_Exercise brief:_ Would you please restate the data exactly as it stands, apart from the pictures?

_Data:_

'''

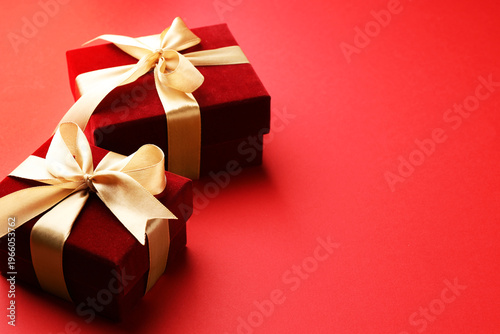 Beautiful velvet gift boxes on red background, closeup. Space for text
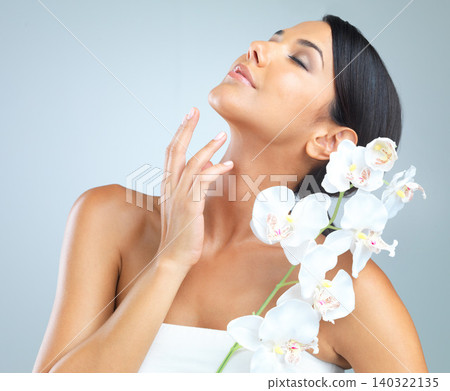 Flowers, skincare and woman with beauty, dermatology and person on a grey studio background. Model, luxury or girl with aesthetic or natural with facial or shine with glow and cosmetics with wellness Flowers, skincare and woman with beauty, dermatology and person on a grey studio background. Model, luxury or girl with aesthetic or natural with facial or shine with glow and cosmetics with wellness 140322135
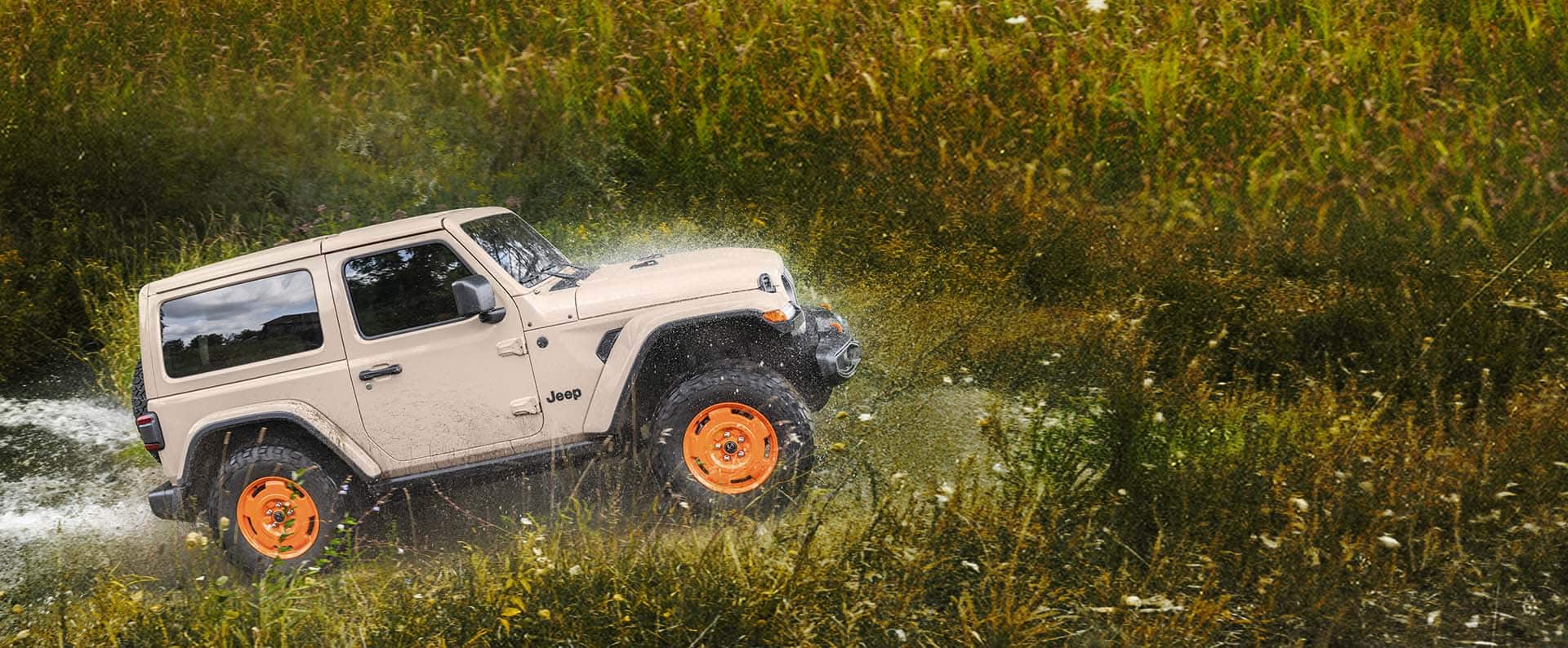 A 2027 Jeep Wrangler JL-2A drives out of a creek onto a grassy field.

'''

_Problem solution:_
 Beautiful velvet gift boxes on red background, closeup. Space for text
 Flowers, skincare and woman with beauty, dermatology and person on a grey studio background. Model, luxury or girl with aesthetic or natural with facial or shine with glow and cosmetics with wellness Flowers, skincare and woman with beauty, dermatology and person on a grey studio background. Model, luxury or girl with aesthetic or natural with facial or shine with glow and cosmetics with wellness 140322135
 A 2027 Jeep Wrangler JL-2A drives out of a creek onto a grassy field.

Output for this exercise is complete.